Set in 1869, the film picks up at a Hungarian detention centre where prisoner Gajdar János (János Görbe) is coerced into aiding his captors identify Sándor Rózsa's remaining guerilla troops, who are holed up at the same location. What follows is a sort of satire, poking fun at the ridiculous nature of political torture, which results in as many lies as it endeavors to find answers to. The smart screenplay, once again authored by Gyula Hernádi, underlines the point that people will say anything when a rope is put around their neck, and therefore the validity of these methods is put under scrutiny. The genius of the screenplay, however, is that it makes this point without fastening it to 1869 which, as Jancsó points out in the accompanying notes, could double for 1956; viewers may even find a reading about the Iraq conflict within the peeling interiors of this prison camp. This is a drama of futility, and one which isn't afraid to take risks - Gajdar is murdered by a prison mob just after the halfway point, and the remainder of the film focuses on the search for his killer, in which authorities use the exact same means for which he was brought to death.

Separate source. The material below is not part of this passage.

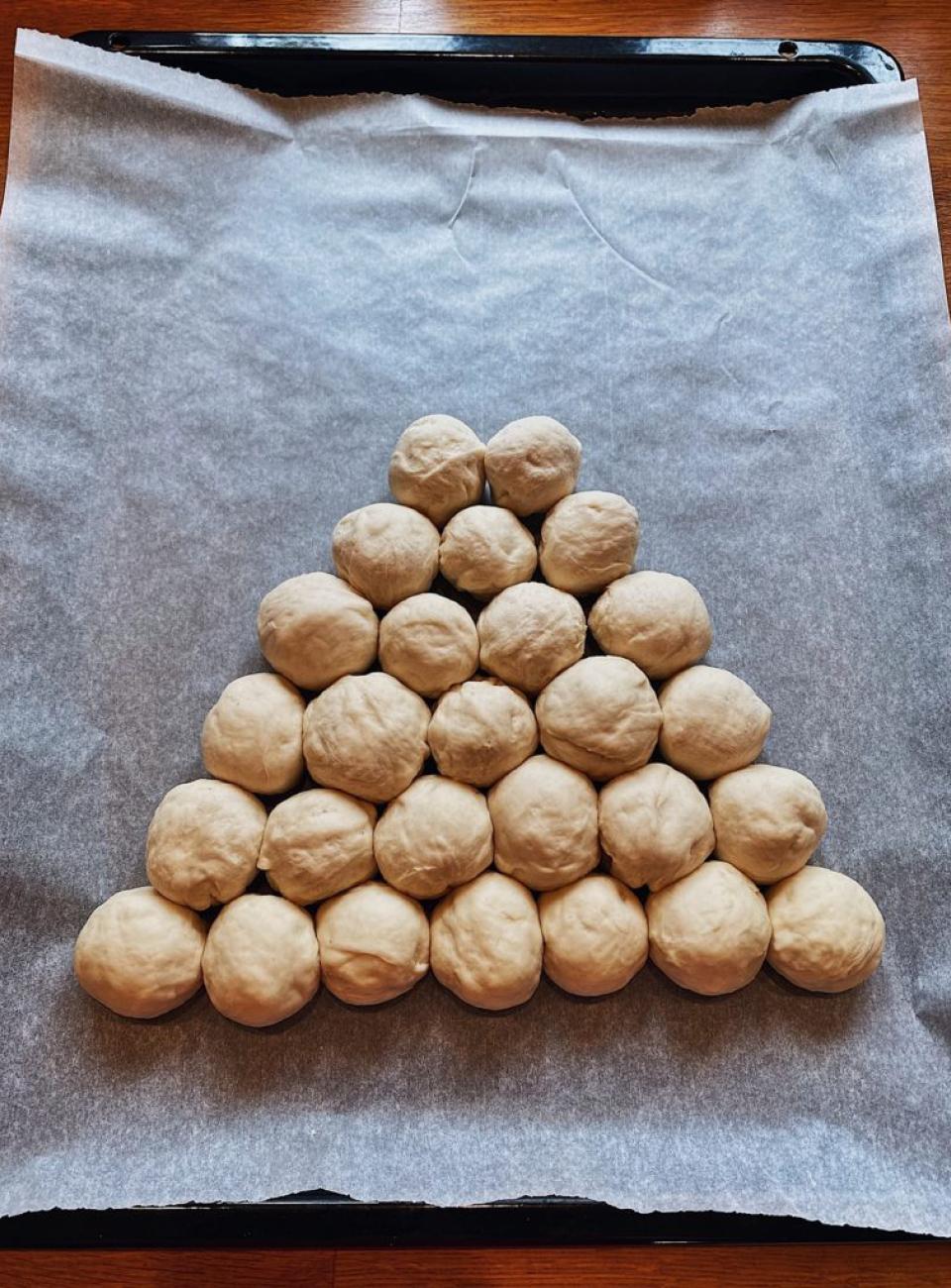 Układanie kuleczek na blasze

Finally, it's interesting to note The Round-Up for its influence on Once Upon A Time In The West. Jancsó and Leone shared an incredible command of the Cinemascope lens, filling the widescreen frame with images few directors could even imagine. It's also obvious, contrasting the two films, that they both preferred to shoot houses from the extreme right or left of the frame, with the camera peeking out from their corners to observe the wealth of the landscape. In her S&S notes (included with the release of My Way Home, 1965) Penelope Houston also draws comparison between Jancsó and Ichikawa Kon, director of The Burmese Harp (1958). It's remarkable at this point in his career that Jancsó could sit so comfortably in such lofty company. But studying his earliest masterpiece, it's also easy to see why.
Another flawless restoration job from Second Run, who really put a lot of care into their transfers. The accompanying booklet, authored by John Cunningham (Hungarian Cinema: From Coffee House To Multiplex, 2004), provides a mini biography and career overview for Jancsó, and also a deeper contextual examination of The Round-Up, considering especially its political relation to post-1956 Hungary. On the disc there's a 19-minute interview with Jancsó, who discusses the film with fondness and intelligence. It proves quite revealing, which is perhaps unsurprising when we consider that it was shot by his sons. A solid package.
The Round-Up is released as part of the Miklós Jancsó Collection, on shelves Monday November 21st.